I'm not overly fond of Zeb's Guide...nor do I have any qualms stating why. Tongue out

My SF website

KRingway's picture
KRingway
February 6, 2018 - 12:39pm
So me and my RPG must've been doing something wrong then, judging by the above posts Laughing We really liked Zeb's and got a lot of good gaming mileage out of it. Replaying again after a 25 year gap, we mixed the AD and Zeb's just because we liked both and remembered enough of both to make it useable. I still think that this works well - but, like I said, my group had an established history of houseruling and homebrewing stuff so if any given RPG had gaps in it we had no problems working around it. As a referee I was chomping at the bit to start running adventures using Zeb's as there was a lot of idea fuel in it, and my players really liked it.

JCab747's picture
JCab747
February 6, 2018 - 6:49pm
KRingway wrote:
So me and my RPG must've been doing something wrong then, judging by the above posts Laughing We really liked Zeb's and got a lot of good gaming mileage out of it. Replaying again after a 25 year gap, we mixed the AD and Zeb's just because we liked both and remembered enough of both to make it useable. I still think that this works well - but, like I said, my group had an established history of houseruling and homebrewing stuff so if any given RPG had gaps in it we had no problems working around it.

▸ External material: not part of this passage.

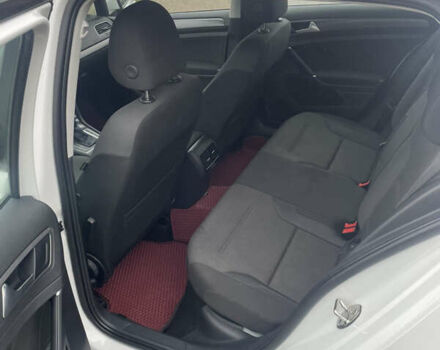 Білий Фольксваген e-Golf, об'ємом двигуна 0 л та пробігом 95 тис. км за 14950 $, фото 9 на Automoto.ua
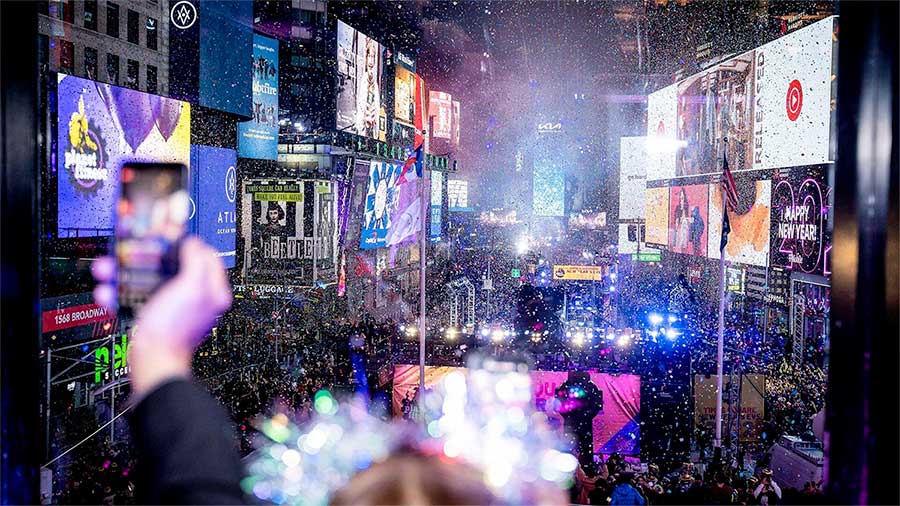 R Lounge NYC Times Square New Years Eve 2023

As a referee I was chomping at the bit to start running adventures using Zeb's as there was a lot of idea fuel in it, and my players really liked it.


I wouldn't say you are wrong. Glad you liked it.
Joe Cabadas

jedion357's picture
jedion357
February 7, 2018 - 6:34am
KRingway wrote:
my group had an established history of houseruling and homebrewing stuff


and the immortal demigod Gygax smiled on the mortals who pleased him well....
I might not be a dralasite, vrusk or yazirian but I do play one in Star Frontiers!

JCab747's picture
JCab747
February 7, 2018 - 8:20am
Sorry for diverting the attention of this topic.

Besides claymores, grasshoppers (bouncing betties) and leapfrog mines, any other ideas?
Joe Cabadas

JCab747's picture
JCab747
February 7, 2018 - 8:44am
What about laser and sonic mines?

These might need a particular design to work well.

Maybe they would operate similar to claymores and would have a cone of destruction in front of them?